Protests to save the Archaeology department at Sheffield University Photo: Alistair Tice (uploaded 28/07/2021)
Protests to save the Archaeology department at Sheffield University Photo: Alistair Tice (uploaded 28/07/2021)

Don’t let Tories scrap my degree and others like it

Jo Hall, English Literature student, Sheffield Hallam

Sheffield Hallam University plans to scrap the stand alone English literature course for new entrants in 2023. From then on, it will only be buried in another degree course as a secondary module.

Sheffield Hallam has given no explanation beyond a ‘shake-up’ of how English is taught. This is part of a wider attack on the humanities.

The Tory government is planning new attacks. Universities could face penalties for courses where less than 60% of graduates are in study or professional jobs 15 months after completion.

Dr Mary Peace, an English literature lecturer at Sheffield Hallam, described these cuts as “cultural vandalism… what kind of society will we have if there is no place for people from all social classes and backgrounds to have the chance to read and think?”

The Tories’ Office for Students has threatened to cut funding for ‘low-value’ courses. By ‘value’, they mean what matters to the capitalists.

We face real dangers to education.
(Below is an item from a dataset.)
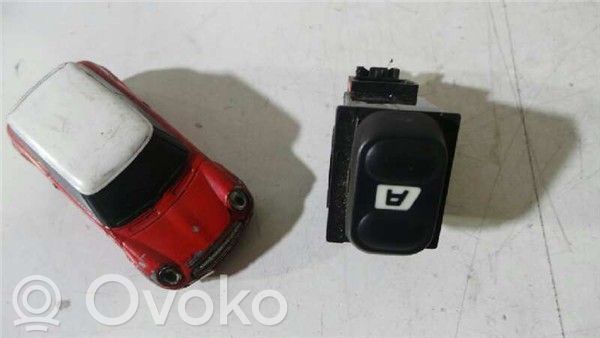 Peugeot 607 Electric window control switch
Limited academic freedom is under attack, with the government’s focus on ‘financial return’. They want to keep the next generation right where they can.

Assault on poor students

This is an assault on working-class arts. Just over 40% of Hallam students are from poor economic backgrounds.

Michelle Donelan has now resigned as Tory education secretary. But when she was in the Tory government, she said: “Courses that do not lead students on to work or further study fail both the students, who pour their time and effort in, and the taxpayer, who picks up a substantial portion of the cost.”

It is true that graduate work for humanities and arts students is low-paid, with many courses under the Tories’ self-imposed thresholds for beginning to pay back student loans. But that is the fault of private companies as well as the government failing to create decent jobs.

Donelan claims certain courses will inevitably result in underemployment. However, it is only inevitable under one context: capitalism, which Donelan and peers want to protect.

The Tory government isn’t interested in education but, rather, what education can do for them – streamlining people into profit-making industries. The Tories don’t want the arts to be for us, despite it often being made by us. They want to keep it an elite pastime, not a legitimate working-class livelihood.